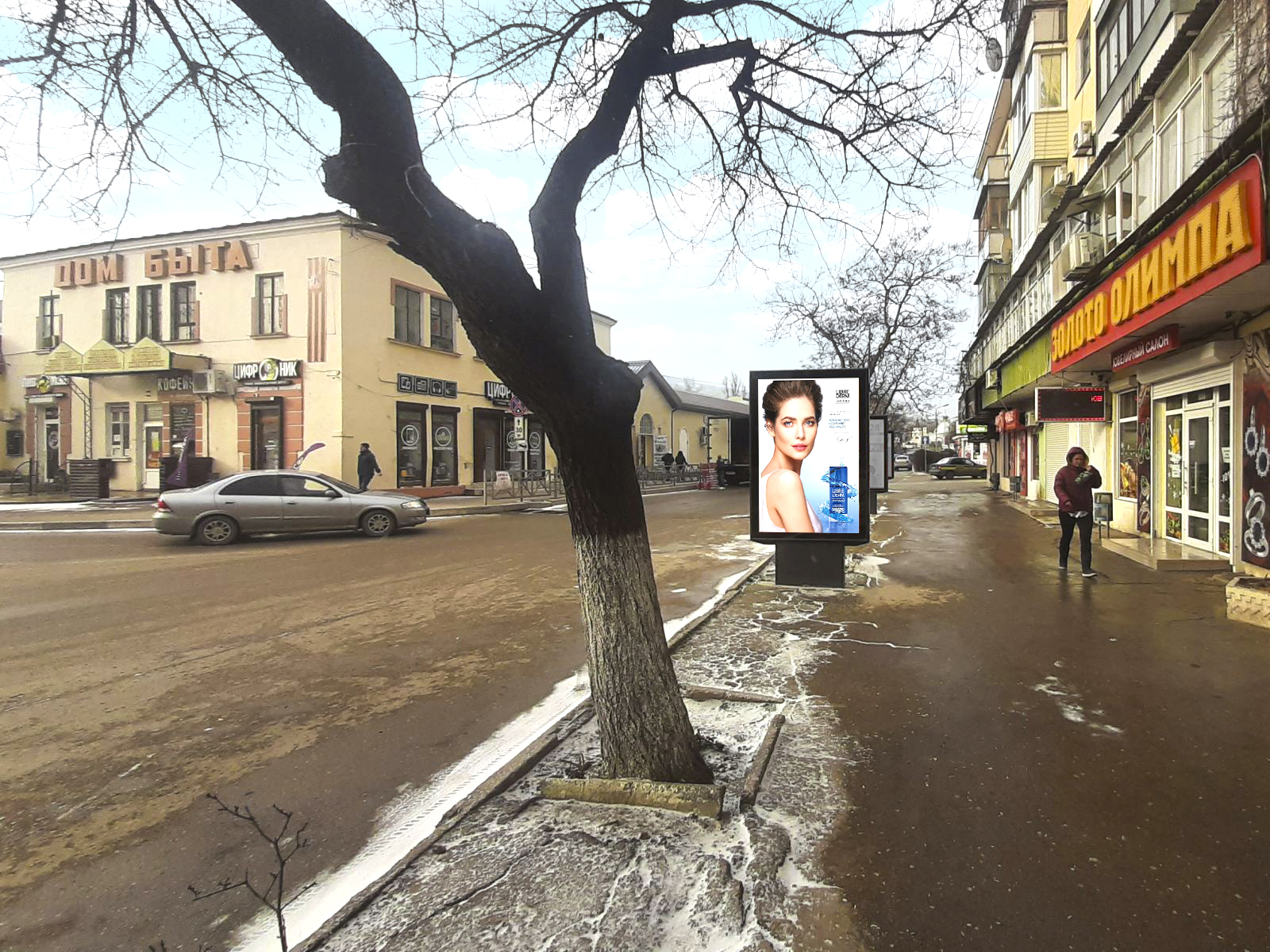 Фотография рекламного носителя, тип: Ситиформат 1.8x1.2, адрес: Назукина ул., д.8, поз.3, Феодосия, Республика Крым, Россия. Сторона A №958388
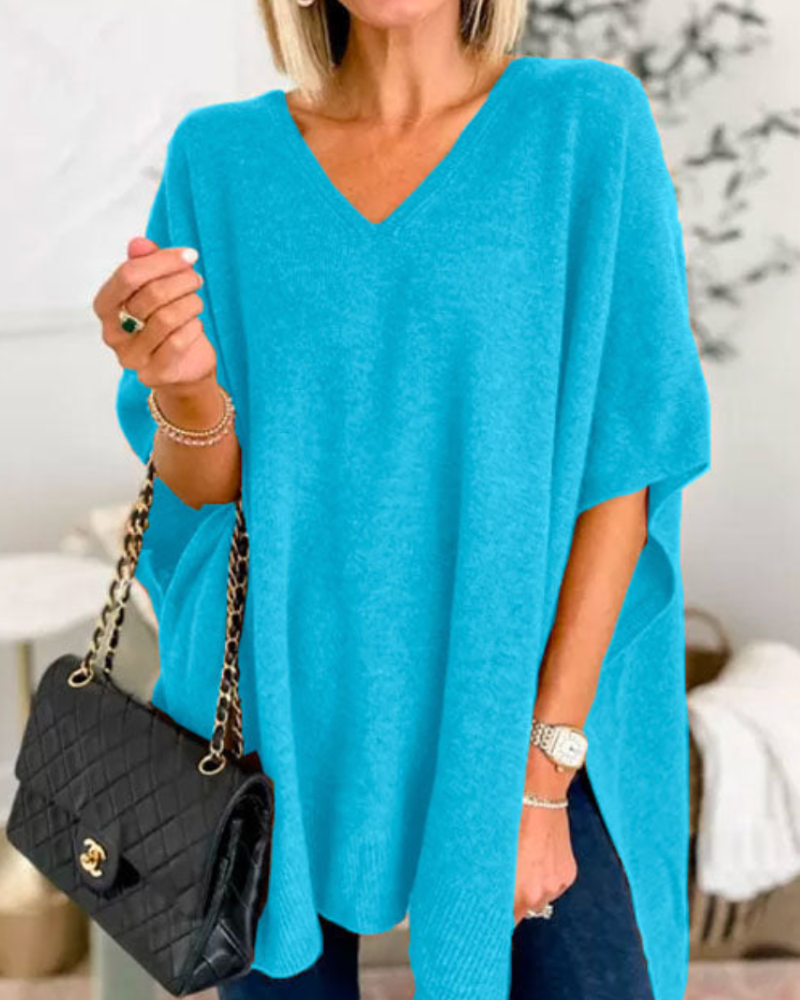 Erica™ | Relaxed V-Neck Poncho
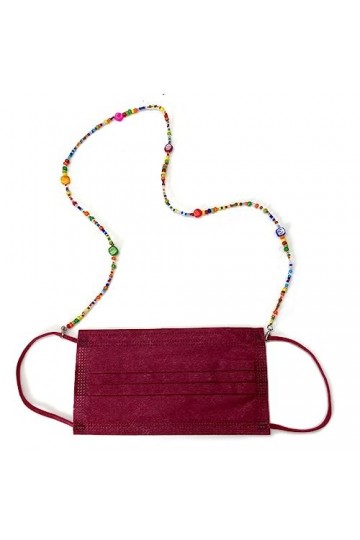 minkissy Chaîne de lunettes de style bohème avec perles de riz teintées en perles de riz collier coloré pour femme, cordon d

[Requirement]
Without any of its images, the data above should be returned exactly.

[Answer for the task]
 Фотография рекламного носителя, тип: Ситиформат 1.8x1.2, адрес: Назукина ул., д.8, поз.3, Феодосия, Республика Крым, Россия. Сторона A №958388
 Erica™ | Relaxed V-Neck Poncho
 minkissy Chaîne de lunettes de style bohème avec perles de riz teintées en perles de riz collier coloré pour femme, cordon d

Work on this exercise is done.